I held my position long enough to get the shot that I wanted, and moved on. The security struggled to contain the hungry journalists foaming at the mouth for their grand finale. I snuck my way around the TV staging area and find a nice spot below the cameras. Wedged in between the guardrail and the stage were three other photographers, all of us trying to get the shot without being noticed by security.
Obama wrapped up his speech. Hope. Change. Believe. The now-familiar phrases had only just begun their mission. He waved one last time and disappeared. With no one to guide them, the eager supporters started to trickle out. The energy was gone; it left so fast it felt like someone pulled the feeding tube. The floor was carpeted with discarded signs, stickers and pins. A floor tiled with hope. I took a seat next to the largest American flag I’ve ever seen, and laughed. I was tired, hungry—my body hurt and my ears were ringing, but most importantly I got some great images. Now, I just had to figure out how to get home.
Super Tuesday, and Barack was back in the city. Good Ol’ Chicago. No one was surprised when he took Illinois, nor was it a shocker that his victory speech would be in Chicago. The only thing that wasn’t expected was that I would be able to sweet-talk my way into the Hyatt Regency to take pictures of the whole thing.

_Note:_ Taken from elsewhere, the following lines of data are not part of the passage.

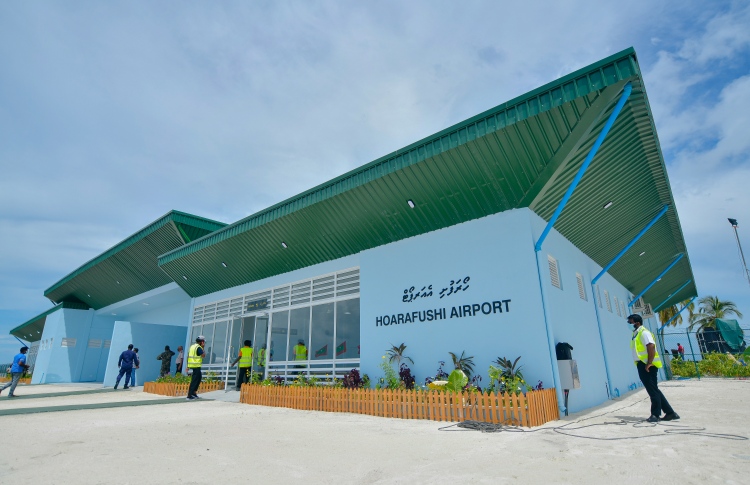 ހޯރަފުށީ އެއާޕޯޓުން ޓެކްސީ ނުލިބޭ ކަމުގެ ޝަކުވާ!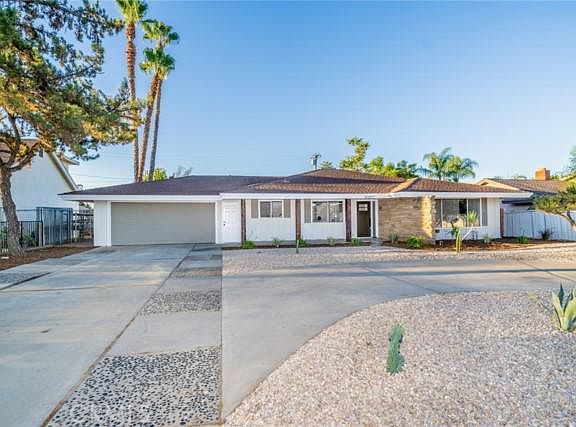 2nd image of 40897 Cavalier Dr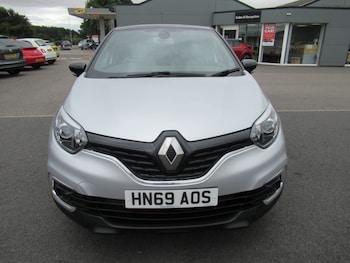 Used Renault Captur 2019 for sale - 79357997: Photo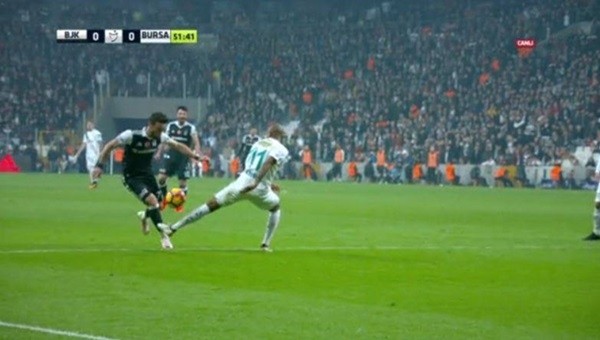 Beşiktaş - Bursaspor maçında tartışılan penaltı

Approaching the press check-in table it became clear that it was not going to be easy. With more people than they had space for, the Obama camp tried to turn the chaos of journalism into something that resembled normalcy. Dozens of journalists aching for a story, only to be told they couldn’t get in. By the time I reached the desk, the woman was visibly exhausted. She asked who I was and then informed me, like most of the people around me, my name wasn’t on the list. It was obvious from my colleagues that getting angry wasn’t going to help things, so I decided to play the pity card. I asked if there was anything she could do to help me. A long, frustrated sigh escaped from her lungs and she pointed to a sheet of paper on the table. A waiting list. I asked where I should sign and her voice slipped from frustration to annoyance, “Anywhere.” I looked at the sheet, covered with names scrawled with anger in no particular order, and decided that the top of the list would qualify as “anywhere.” After a few minutes my name was called. I was in.

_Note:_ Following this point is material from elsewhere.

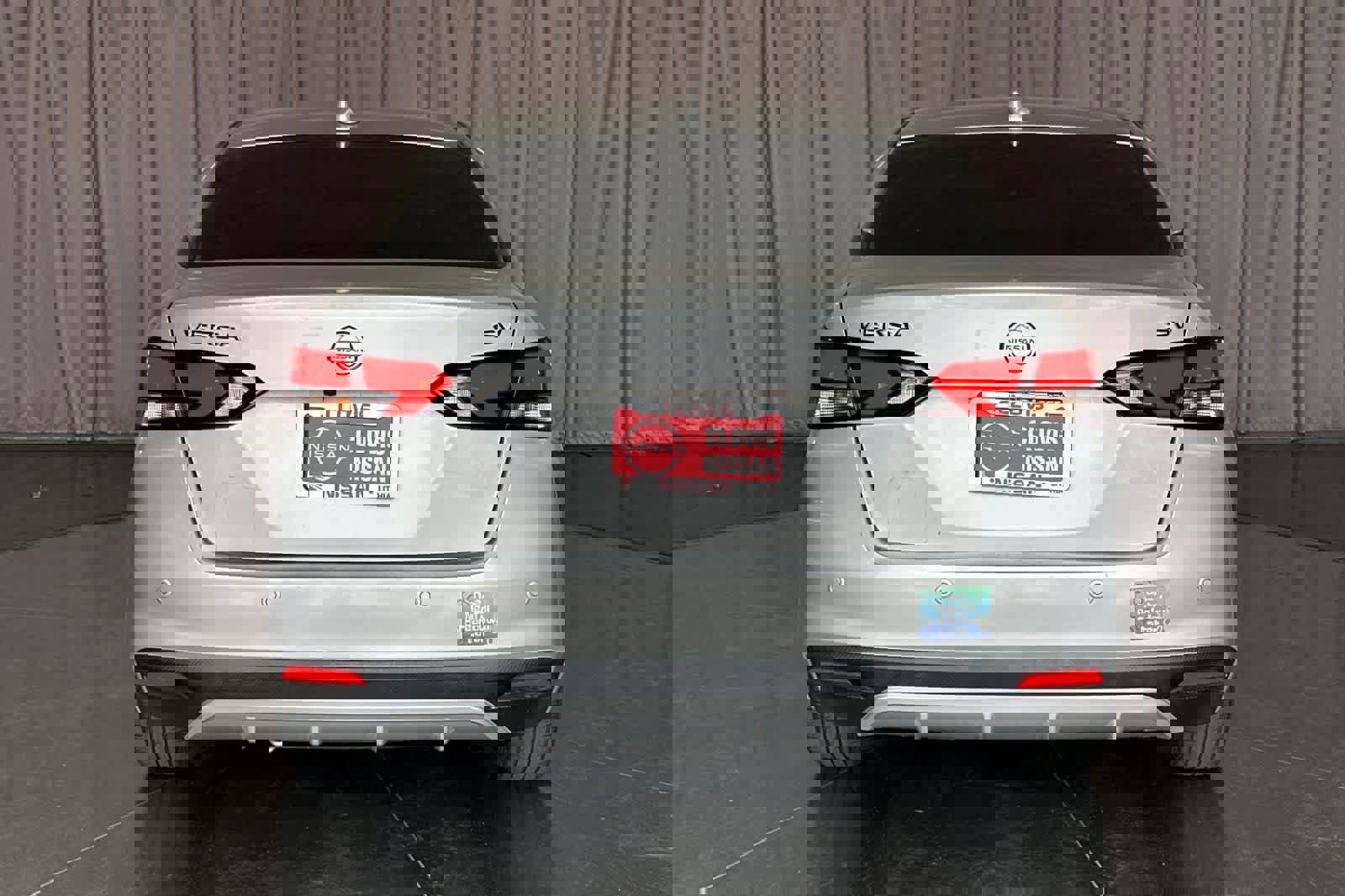 Used 2021 Nissan Versa SV image 8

I stepped through the metal detector while Obama’s Secret Service agent searched my equipment bag for contraband. Kind of like O’Hare, minus the long lines and degradation. As one of the cyborgs stared at me with his unblinking eyes, my heart rate increased and images of myself deported to Guantanamo filled my paranoid psyche. Not that I was doing anything wrong, but these guys didn’t exactly look like they would need a reason to make me disappear. I was cleared.
I snuck in to photograph Obama one more time. A few months later, Indiana held its primary and Obama came to Gary. Maybe it was the proximity to my home in the suburbs, or that I had covered him so much (I had actually seen the guy more frequently than I’d seen most of my family). I didn’t know what it was, but I felt comfortable. Like I knew what I was doing. Like I ran through a gauntlet, proved myself worthy and emerged out the other side as a legitimate photojournalist.

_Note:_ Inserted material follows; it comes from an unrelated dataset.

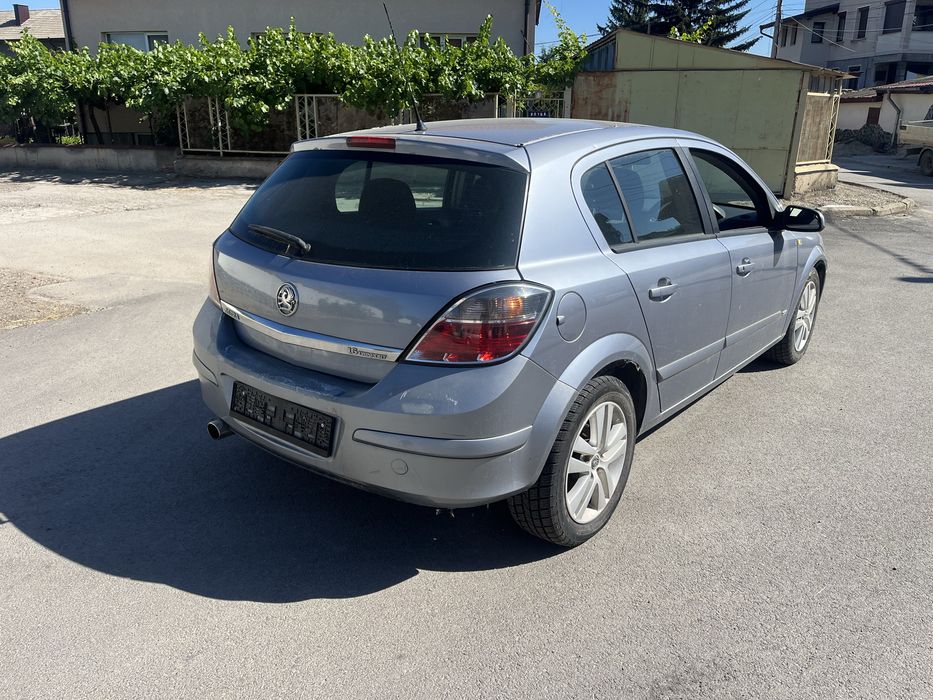Opel Astra H 1.6i на части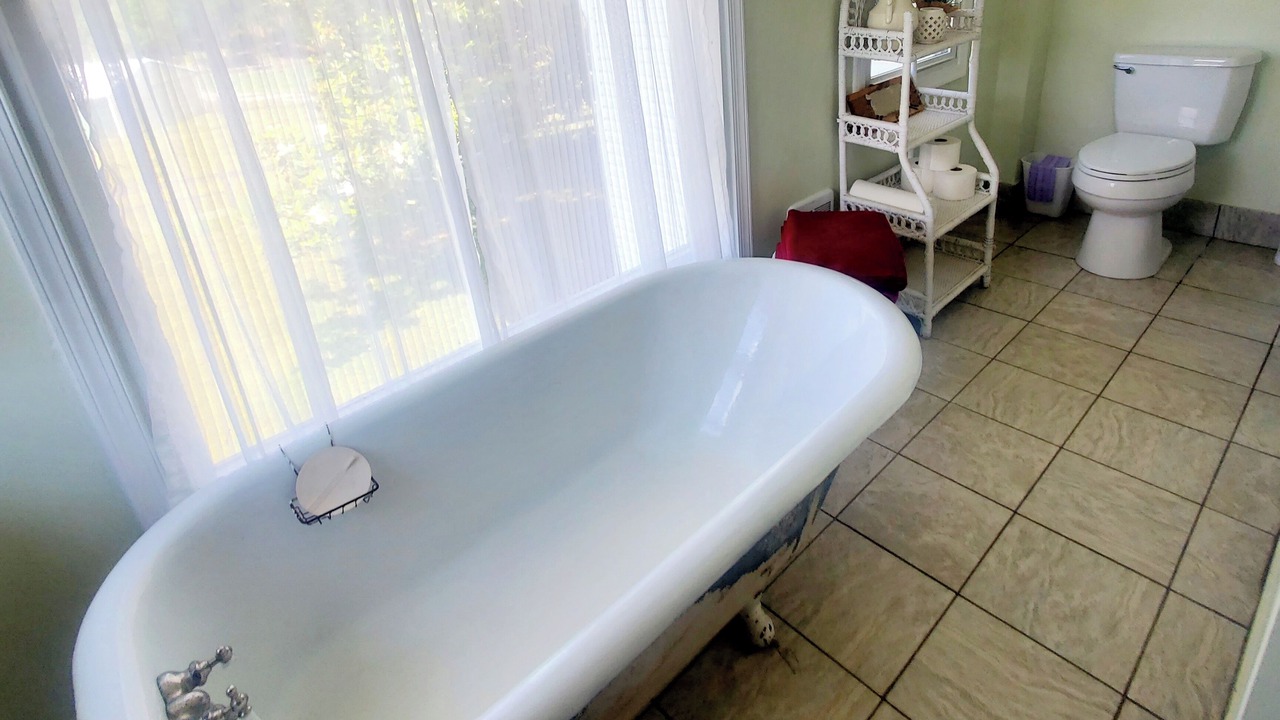 Photo of Bathroom in Peaks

I learned a few things through the primary season. When to move, when not to, how to use the backdrops and the crowds to my advantage and, most importantly, how to get the shot.
So while Barack Obama emerged as the Democratic candidate and is moving on to bigger battles and maybe the White House, and as hundreds of supporters and politicians try to ride in on his coattails, I sit back and hope that there’s room for one more. Just a little space left for a lowly self-proclaimed guerilla journalist and his cameras.